P2P Networking
In decentralized networks, the peer-to-peer (P2P) layer is responsible for connecting nodes and enabling data exchange.
The Midnight Node leverages the default Polkadot SDK Rust LibP2P implementation. Key components include the following.
Discovery Mechanisms
To participate in a decentralized network, a node must discover and connect to peers. Midnight supports several peer discovery strategies:
Bootstrap Nodes
Nodes can be configured with a list of predefined peers, known as bootstrap nodes. These are hard-coded identities and addresses provided in the network configuration. On startup, the node attempts to connect to these trusted peers to join the network and begin learning about others.
mDNS (Multicast DNS)
For local network discovery, mDNS enables nodes to find peers on the same LAN using UDP broadcast. This is useful for development environments, testnets, or networks where peers are in close proximity. The use of mDNS can be enabled or disabled via network settings.
Kademlia DHT (Random Walk)
Once connected to at least one peer, the node engages in a Kademlia-based random walk on each configured chain’s Distributed Hash Table (DHT). This involves sending FIND_NODE queries to discover additional peers. Over time, the node builds a more complete view of the network, improving connectivity and resilience.
Connection Establishment
Transport Layer
When Node A (Alice) wants to connect to Node B (Bob), and knows Bob's address, it initiates a connection using one of several supported transport protocols:
- TCP/IP: Traditional IPv4 or IPv6 socket connections.
- WebSockets: Built on top of TCP, allowing browser-friendly or proxy-compatible connections via WebSocket framing.
- DNS: Domain names can be used as node addresses, resolved to IPs during the connection process.
Encryption and Multiplexing
Once the underlying transport is established, the connection is upgraded through a series of negotiated protocols:
- Encryption is handled using the Noise Protocol Framework, ensuring end-to-end confidentiality and integrity.
- Stream Multiplexing is typically achieved using Yamux, allowing multiple logical streams (substreams) to operate concurrently over a single physical connection.
These upgrades are negotiated using Multistream-Select, a protocol that lets peers choose compatible encryption and multiplexing options.
Substream Protocols
Once the connection is multiplexed, peers open multiple substreams, each dedicated to a specific application-level protocol.

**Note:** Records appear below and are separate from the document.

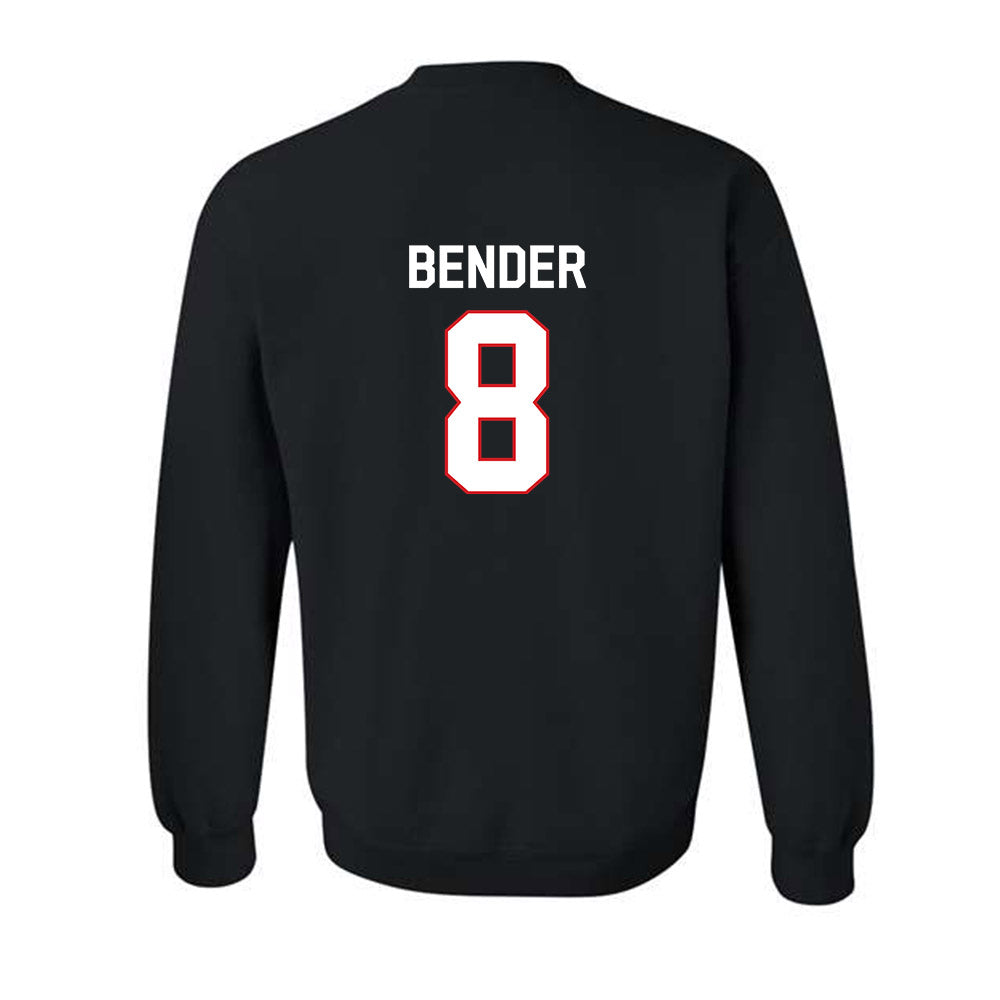 Davidson - NCAA Football : Hayden Bender - Classic Fashion Shersey Crewneck Sweatshirt-1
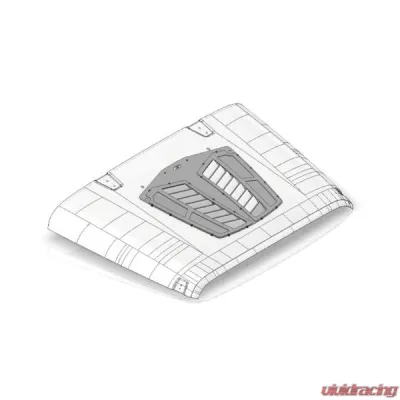 Motobilt Hood Vent Kit Jeep Wrangler JK/JKU 2007-2018 - MB5537
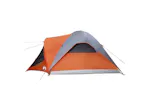Vidaxl Family Tent Tunnel 6-person Grey And Orange Waterproof Vidaxl Family Tent Tunnel 6-person Grey And Orange Waterproof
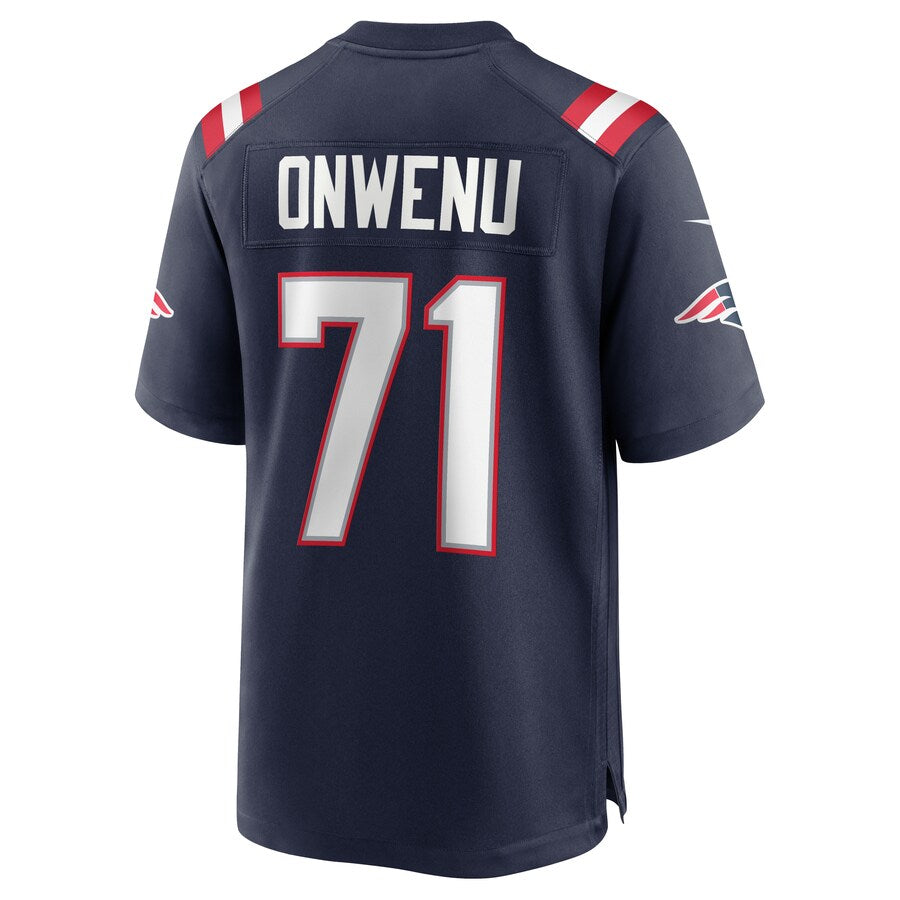 New England Patriots Mike Onwenu Team Game Navy Football Jersey product image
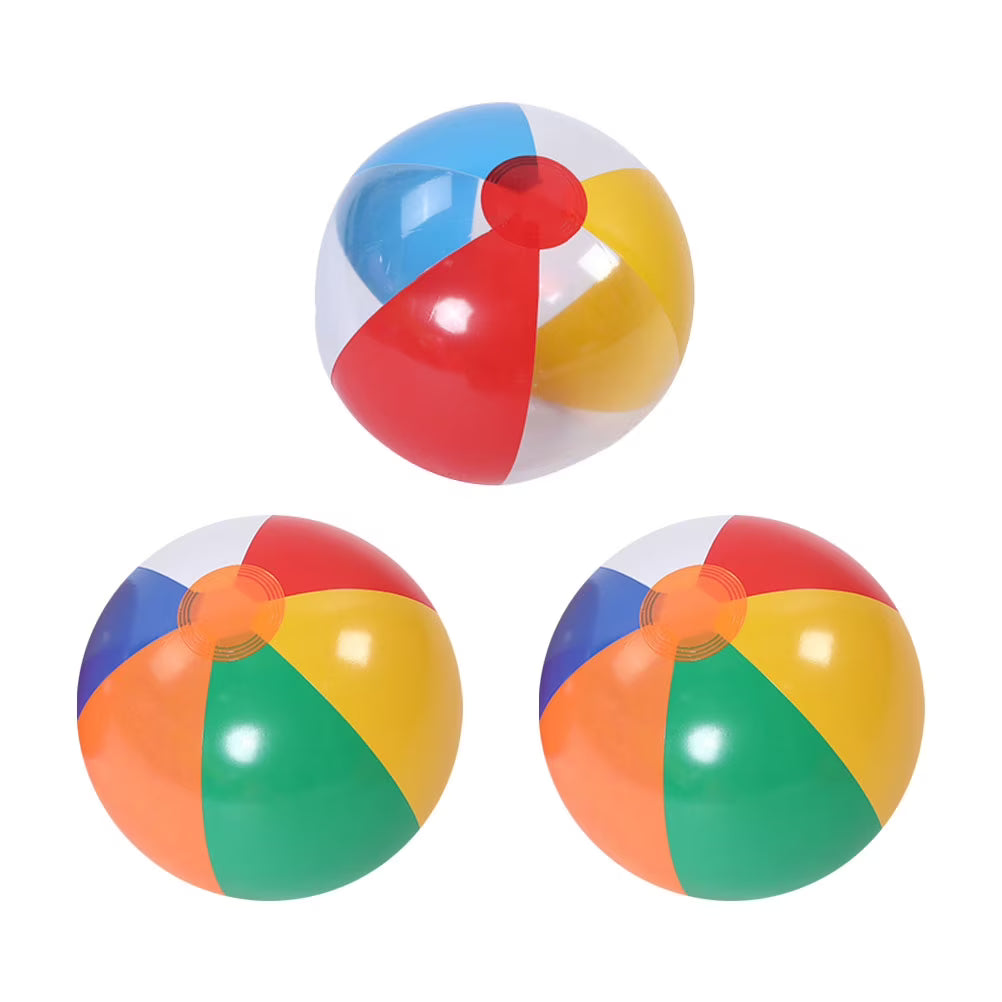 3Pcs Inflatable Beach Ball Pool Water Toy C77272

These include:
- Ping: For liveness checks and latency measurements.
- Request-Response: For structured data exchange (e.g., block or transaction queries).
- Notifications: For broadcasting events like new transactions, block announcements, finality updates, and light-client state syncs.
Peer Identification
Each node identifies itself using a unique ed25519 public key, separate from the keypair used for consensus message signing. This identity key is exchanged during the handshake process and used to authenticate the peer throughout the session.